这一番话,可以说得上是半点儿没给谢秉钧留面子。
而谢秉钧也不过是抿唇,虽然没有说话,但是那眼神却好似是什么都说了一般。
他不是不懂事儿,也不是小孩子,知道人心险恶是什么意思。
可那位赵公公对自己,的确是有着多番的提点。
所以谢秉钧对赵富康还是很有好感的。
现在听了自家大哥的这一番话后,谢秉钧第一反应就是自己好像有些愚蠢了。
他竟然是这么轻易的相信了别人。
“抱歉大哥……”
谢秉钧略有些无地自容。
阮清摆手。
“你与我说抱歉没用,我今日也不过是提点你一点儿,告知你以后不要随便相信别人,不然你迟早有一天会被人骗。”
说完后,这才又问道:“赵富康与你说了什么?”
谢秉钧自然是不敢拦着,当即便把所有的情况都告知了阮清。
而阮清也是在听完了这一番话后,不由得呵的一声轻笑。
“有点儿意思。”
说实话,阮清原本还真是没有想过那么多,告知谢秉钧也不过是随便一句提点,但是到没想到这宫里的人都已经把注意打到了谢秉钧的头上。

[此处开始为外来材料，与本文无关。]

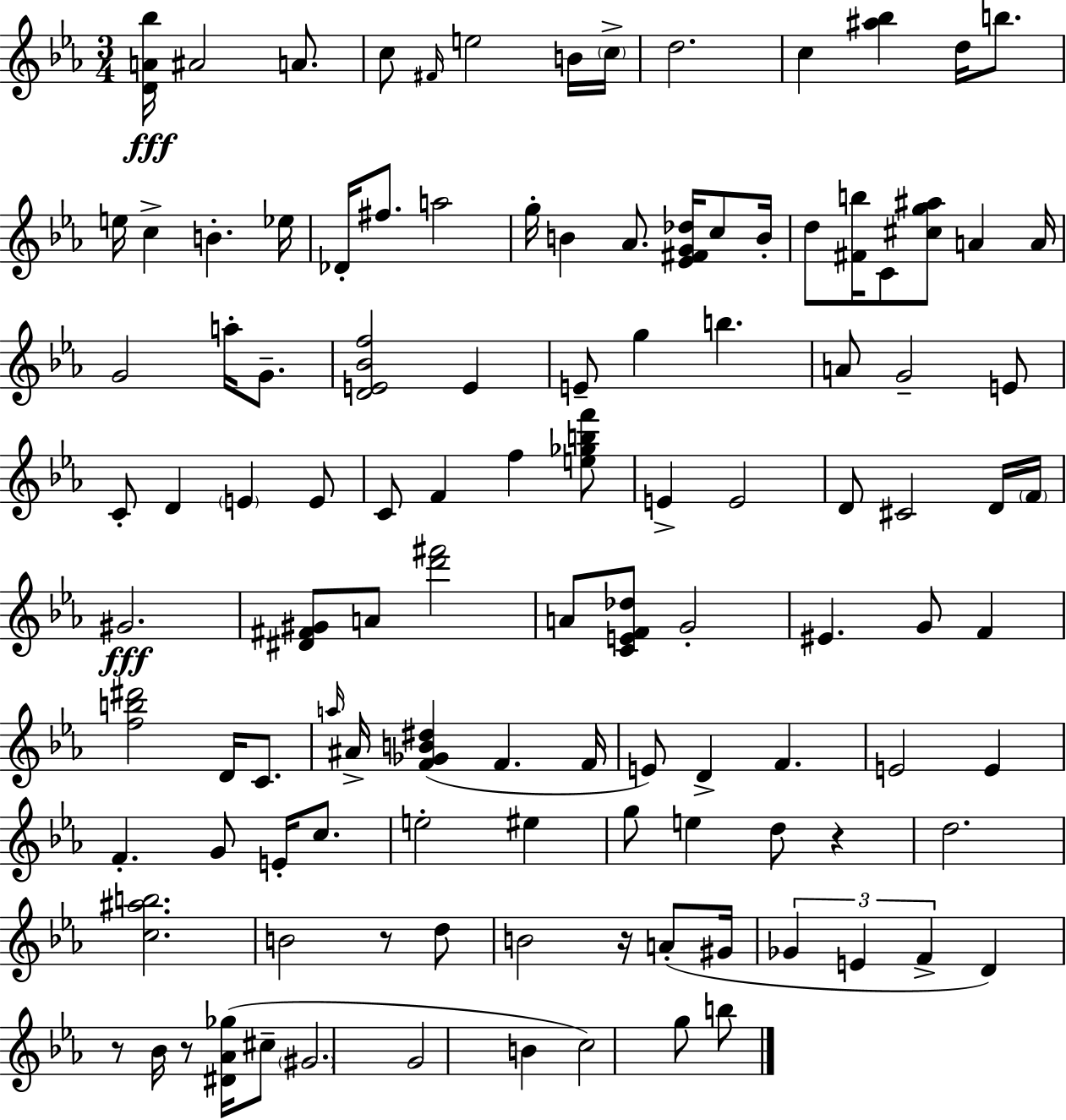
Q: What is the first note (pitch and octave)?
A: A#4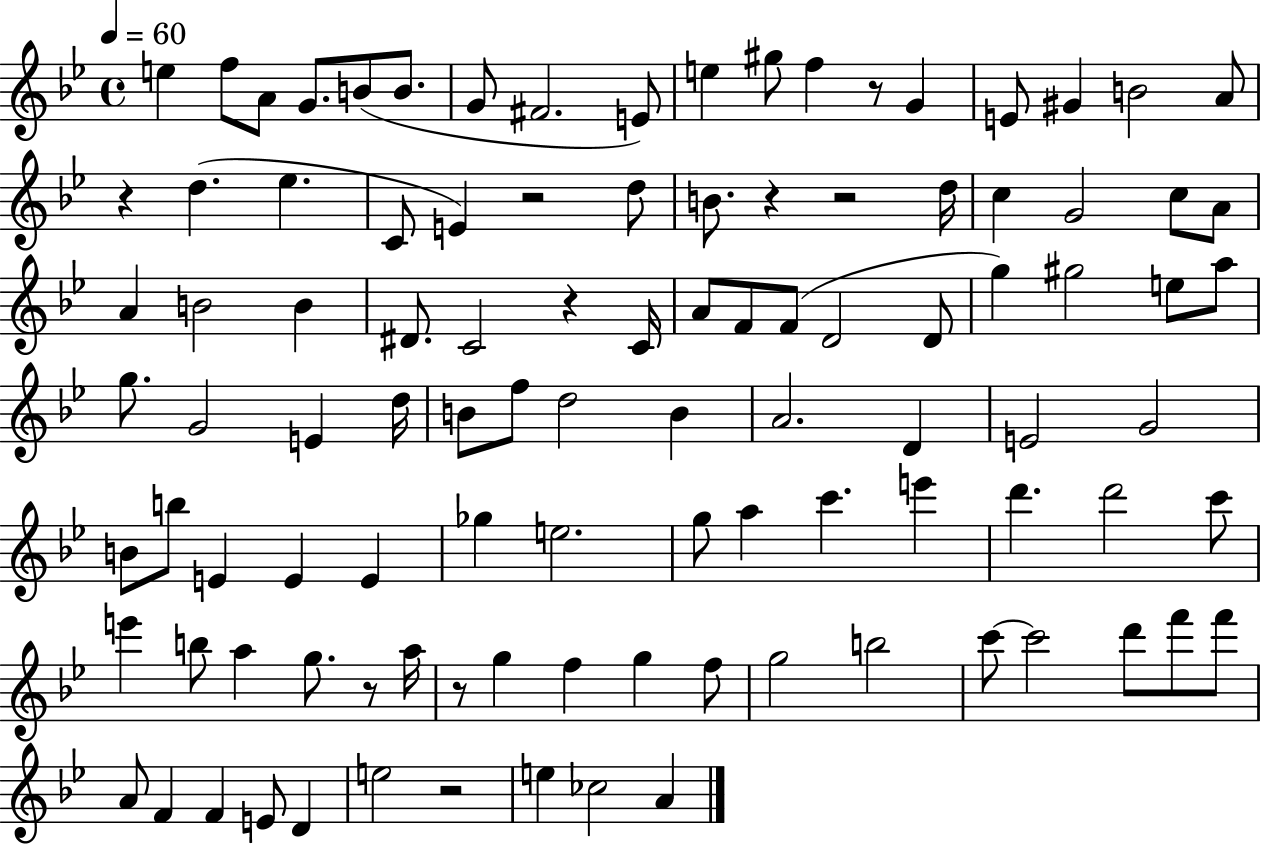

谢秉钧不懂这话是什么意思,而且说实话,对于大哥说的这些话,谢秉钧是真的不懂这到底是什么意思,小心翼翼的看向谢秉钧,低声问道:“那个……大哥,你的意思是说,那赵公公其实不是好人?”
阮清听了这话,倒也不由得沉默了一瞬,想了想后,这才道:“倒也不是说不是好人,但你跟人家非亲非故的,人家为啥要提点你呢?”
“这一点你难道就没有想过?”
在阮清看来,这都是做人最基本的警惕心,毕竟天上可没有掉馅饼的好事儿,真有了那就得想想是不是对方看上了你什么。
这不难理解吧?
但很可惜,谢秉钧似乎从来都没有想过这些。
这还真是让阮清对他有些失望。
谢秉钧也不是没有瞧见兄长眼底的失望,当即急忙道:“大哥!我没有被迷惑,赵公公的那一番话我听了的确是有些感激,但因为我始终拿不准他到底是什么意思,所以才会想着等你醒了后,问问你的!”
“大哥你相信我,我绝对没有那种心思啊!”
谢秉钧都快要哭了!
他当时的确是因为赵富康的那一番话而感到了感激,但谢秉钧想的最多的,却也仍旧是想要把这些情况告知兄长,看兄长是这么安排的。
他自己在这种事儿上,那自然是不会乱出主意,乱答应旁人什么的。
阮清原本的确是有些失望的,但这会儿听了这话,倒也不由得挑眉。
“真的?”
“真的!大哥,弟弟是什么样子的人,大哥您应该是清楚的,弟弟也没有什么本事去想那些乱七八糟的事情,遇到了不明白的事情,弟弟自然是要问你的!”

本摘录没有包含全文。